Un sergent şchiop, care se lăuda că slujise în Italia, îi povestise într-o
seară glorioasele-i fapte de arme şi-i zugrăvise femeile şi sacii cu aur pe care se
întîmplase să pună mîna în timp ce jefuiau oraşele.
4. il finit par jouer sa décision à pile ou face ; l’Empereur perdit.
…pînă la urmă a dat cu banul ; Impăratul a pierdut.
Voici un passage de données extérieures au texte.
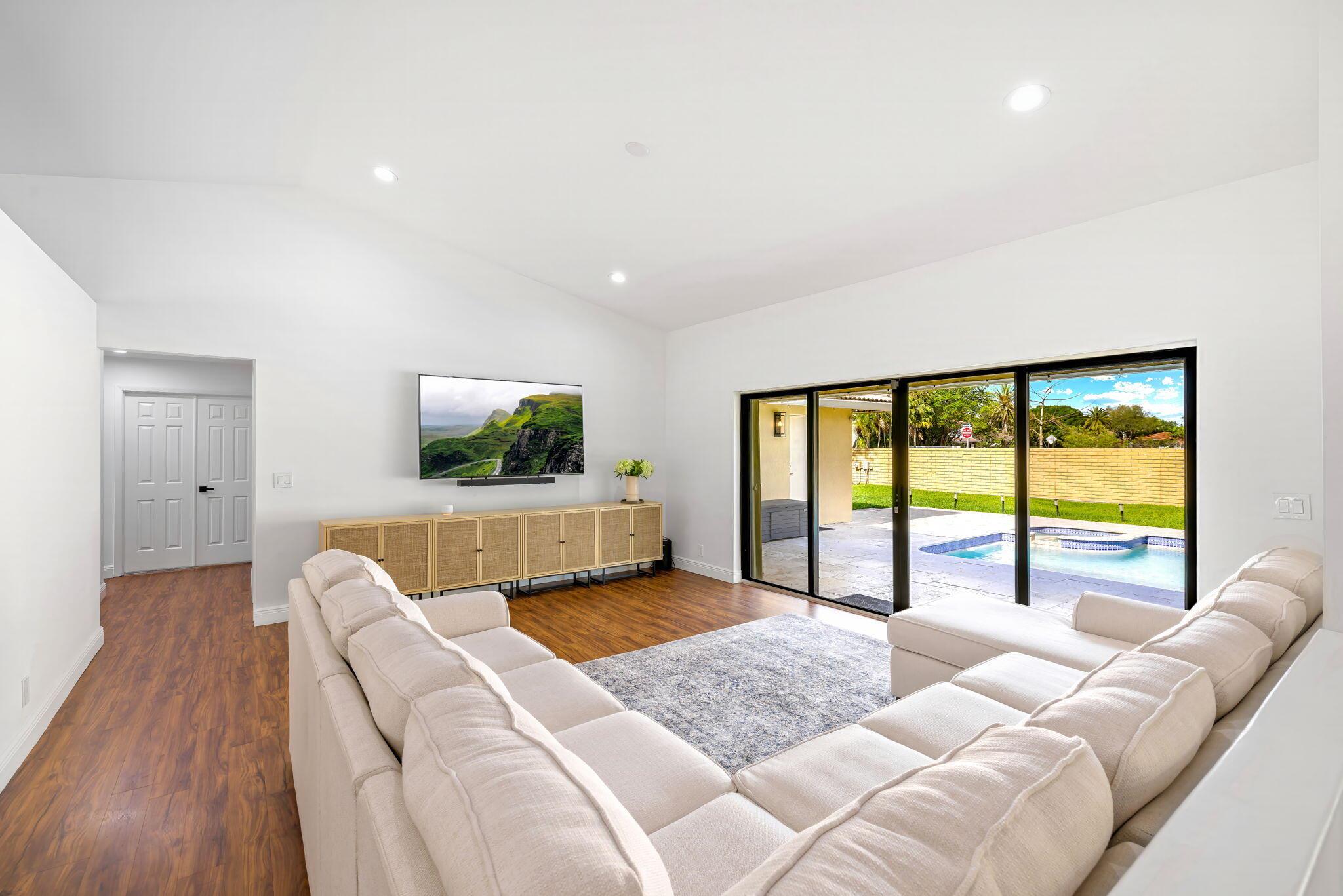 4830 NW 92nd Terrace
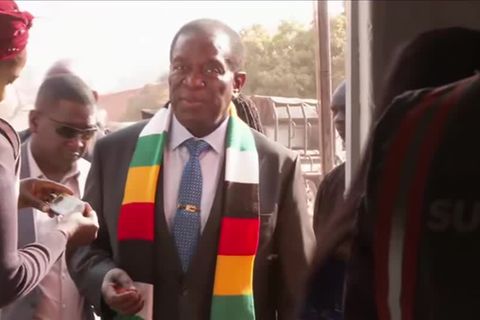 Video: Simbabwes Präsident Mnangagwa erneut zum Staatsoberhaupt gewählt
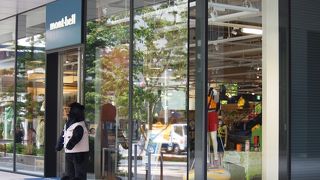 安定したアウトドアショップ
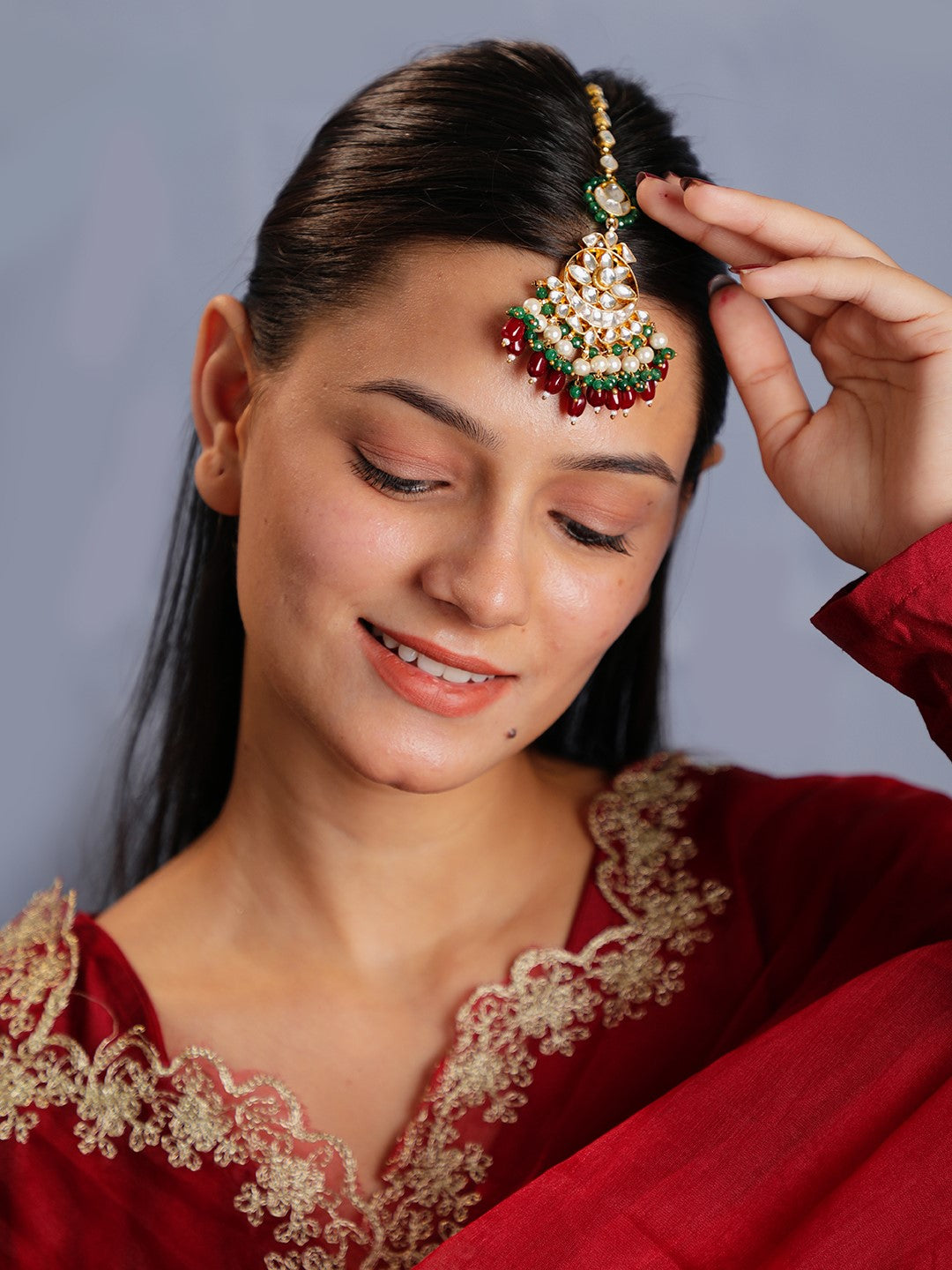 Red beads maangtikka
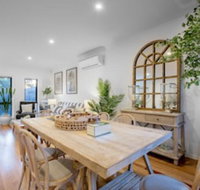 AUJOY 3 Bed Townhouse Burwood 3 - Rental Cars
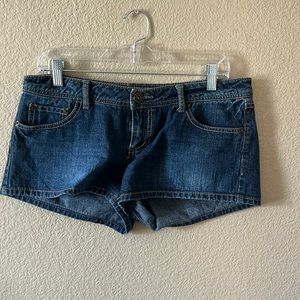 Denim low-rise shorts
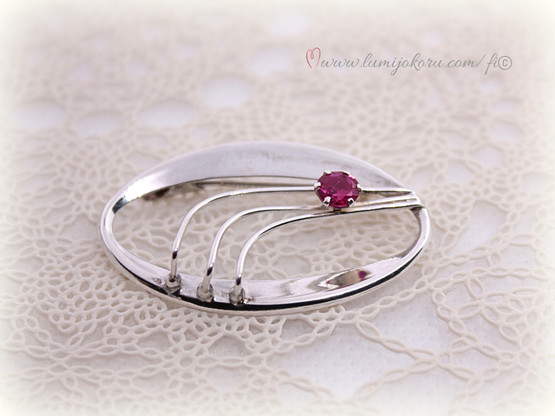 Rintakoru punaisella kivellä hopeaa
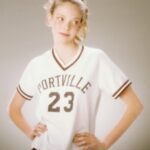 Riki Lindhome Instagram - #tbt When you try to use your JV basketball photo shoot as a way to get free headshots 🏀 😂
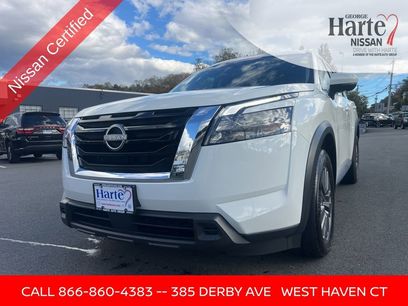 Certified 2024 Nissan Pathfinder SV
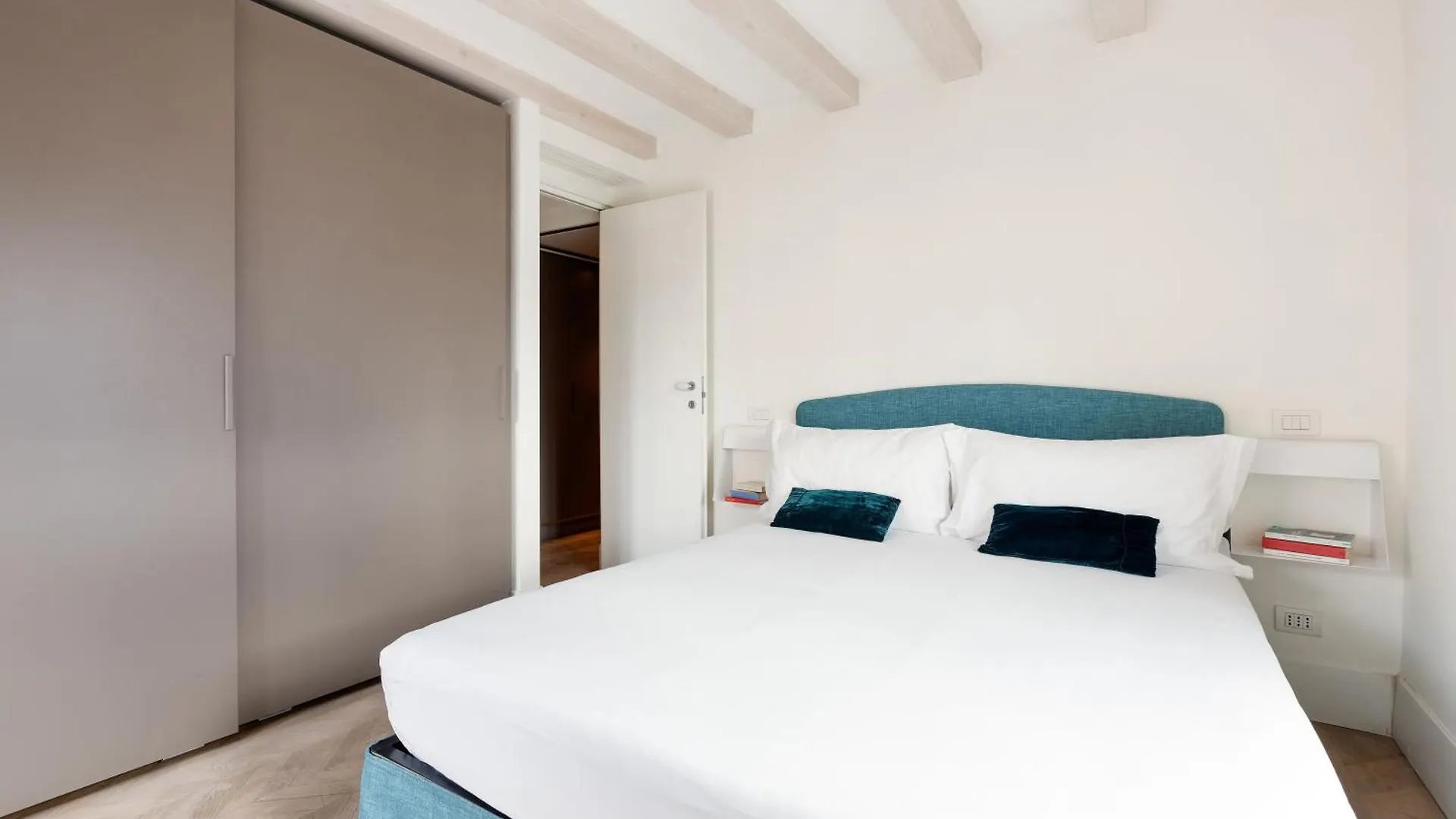 Brera Apartments In Moscova Milano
5. Un peu par entrailles paternelles, beaucoup par gloriole, et pour se
prouver quil avait le bras long, il se promit d’écrire en temps voulu à son agent
lyonnais, Maître Muzot, de recommander ce fils ingouvernable à l’amiral Chabot
de Brion…
Puţintel din dragoste părintească, dar mai cu seamă spre a face pe
grozavul şi spre a-şi dovedi sie-însuşi că e om de vază, şi-a propus să-i scrie
reprezentantului său din Lyon, Maître Muzot, ca să-l recomande pe acest fiu
năbădăios amiralului Chabot de Biron…
6. Henri-Maximilien avait beau secouer de ses pieds la poussière du
comptoir familial, on n’est pas pour rien le fils d’un homme qui fait hausser ou
baisser le cours des denrées et prête aux princes.
Degeaba îşi tot scutura Henri-Maximilien praful tejghelei părinteşti de
pe ghete, nu-i pin lucru fii feciorul unui om care urcă sau coboară cursul
mărfurilor şi dă bani cu împrumut prinţilor.